Une contribution d’Ali Akika – Il est des leaders d’empires qui ont du mal à se défaire de leur mimétisme et tentent d’emprunter le chemin d’un de leurs «glorieux» prédécesseurs. Ainsi, Trump à travers son document de «la stratégie de la sécurité nationale», envoie au monde entier le message suivant : l’Amérique renoue avec la doctrine Monroe en l’adaptant à l’époque agitée de ce début du XXIe siècle. Rappelons que Monroe fut le président des Etats-Unis qui donna son nom à la doctrine en 1823 qui institua les Amériques comme zone d’influence des Etats-Unis. Il s’adressait alors à des puissances européennes, toutes ex-colonisatrices du «Nouveau monde».
On aura remarqué que Trump aussi s’en est pris à l’Europe avec la violence que l’on réserve à des ennemis.
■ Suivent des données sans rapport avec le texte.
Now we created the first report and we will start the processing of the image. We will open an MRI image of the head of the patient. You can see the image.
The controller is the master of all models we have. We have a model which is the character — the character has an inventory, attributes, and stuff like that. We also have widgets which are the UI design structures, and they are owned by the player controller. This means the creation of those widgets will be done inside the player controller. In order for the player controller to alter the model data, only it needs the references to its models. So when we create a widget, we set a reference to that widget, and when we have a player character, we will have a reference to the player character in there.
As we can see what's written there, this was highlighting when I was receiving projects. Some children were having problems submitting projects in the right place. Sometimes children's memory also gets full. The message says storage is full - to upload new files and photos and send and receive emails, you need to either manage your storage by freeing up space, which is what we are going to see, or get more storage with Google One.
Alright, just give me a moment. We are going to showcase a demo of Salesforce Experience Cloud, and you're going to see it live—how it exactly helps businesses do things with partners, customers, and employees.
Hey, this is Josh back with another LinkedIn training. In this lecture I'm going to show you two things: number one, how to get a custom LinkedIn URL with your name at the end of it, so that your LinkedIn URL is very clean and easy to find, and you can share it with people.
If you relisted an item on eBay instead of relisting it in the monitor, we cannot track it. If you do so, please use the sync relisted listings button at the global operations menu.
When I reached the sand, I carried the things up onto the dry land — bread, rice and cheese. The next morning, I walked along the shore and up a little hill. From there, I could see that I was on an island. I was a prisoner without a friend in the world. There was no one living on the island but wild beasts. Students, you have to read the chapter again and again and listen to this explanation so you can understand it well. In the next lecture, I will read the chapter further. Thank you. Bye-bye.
Les habituels «experts» ont expliqué la violence de Trump en puisant dans le stock de la psychologie, de la jalousie, de la fascination ou bien dans la vision de la démocratie qui ne serait pas la même des deux côtés de l’Atlantique. Comme d’habitude, ils oublient l’histoire et ses rapports de force qu’elle impose. Ça commence à être lassant de les entendre répéter leurs balivernes en prédisant, entre autres, le découplage des liens entre la Russie et la Chine qui conduirait la Russie au triste sort de la défaite et même de son démembrement si souvent fantasmé. Laissons-les à leurs délires et interrogeons l’histoire qui n’a rien à voir avec leurs contes de fée.
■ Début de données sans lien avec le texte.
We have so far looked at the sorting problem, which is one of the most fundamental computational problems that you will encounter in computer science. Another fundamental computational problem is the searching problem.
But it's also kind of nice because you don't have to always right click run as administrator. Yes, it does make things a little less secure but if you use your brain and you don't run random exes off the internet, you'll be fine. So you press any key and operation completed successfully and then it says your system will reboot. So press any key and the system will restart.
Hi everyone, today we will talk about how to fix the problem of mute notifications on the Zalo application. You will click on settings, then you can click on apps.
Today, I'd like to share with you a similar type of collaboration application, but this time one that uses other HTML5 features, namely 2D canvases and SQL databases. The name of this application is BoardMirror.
En ce mois de décembre 2025, Trump, le nouvel Oncle Sam des Américains, tire des leçons des limites de la puissance de son pays et annonce le toilettage des instruments de sa domination. Sans le dire mais le monde entier le sait, deux grandes puissances ont commencé à croiser le fer avec les Etats-Unis sur la scène internationale. Leurs confrontations sur le terrain des échanges économiques, l’hégémonie du dollar, l’apparition des BRICS, la guerre en Ukraine, sont autant de sources de tensions avec la Chine et la Russie, rejoints par des pays émergents comme le Brésil. Dans ce tournant de l’histoire, l’Europe qui ne veut pas disparaitre, devient un obstacle pour les Américains pressés par le temps et voulant en finir avec la guerre en Ukraine.
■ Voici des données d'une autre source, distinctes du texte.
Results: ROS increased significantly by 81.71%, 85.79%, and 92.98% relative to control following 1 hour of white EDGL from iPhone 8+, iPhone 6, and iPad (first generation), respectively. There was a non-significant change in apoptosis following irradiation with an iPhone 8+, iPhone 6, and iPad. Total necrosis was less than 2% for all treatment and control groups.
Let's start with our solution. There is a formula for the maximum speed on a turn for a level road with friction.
En vérité, l’Europe était devenue un instrument aux mains des Etats-Unis depuis la Première guerre mondiale et surtout la Seconde guerre où le sang américain versé et les tombereaux de dollars déversés par le plan Marshall, ont fait de l’Europe une obligée des Etats-Unis. La parenthèse Europe fermée, ce qui préoccupe Trump, ce sont les obstacles qui attendent son pays car les adversaires des Etats-Unis sont loin d’être des obligés comme l’Europe, mais de coriaces rivaux qui ne supportent plus son statut de gendarme du monde arrogant. Mais pour pareille confrontation, il faut à l’Amérique, qui veut renouer avec la gloire, résoudre le problème des déclassements des classes moyennes «blanches» que les rédacteurs de la stratégie de sécuritaire nationale ont rapporté dans le document de la nouvelle doctrine politique. La tactique est claire, pour aller au combat, il faut s’assurer que le front intérieur soit solide.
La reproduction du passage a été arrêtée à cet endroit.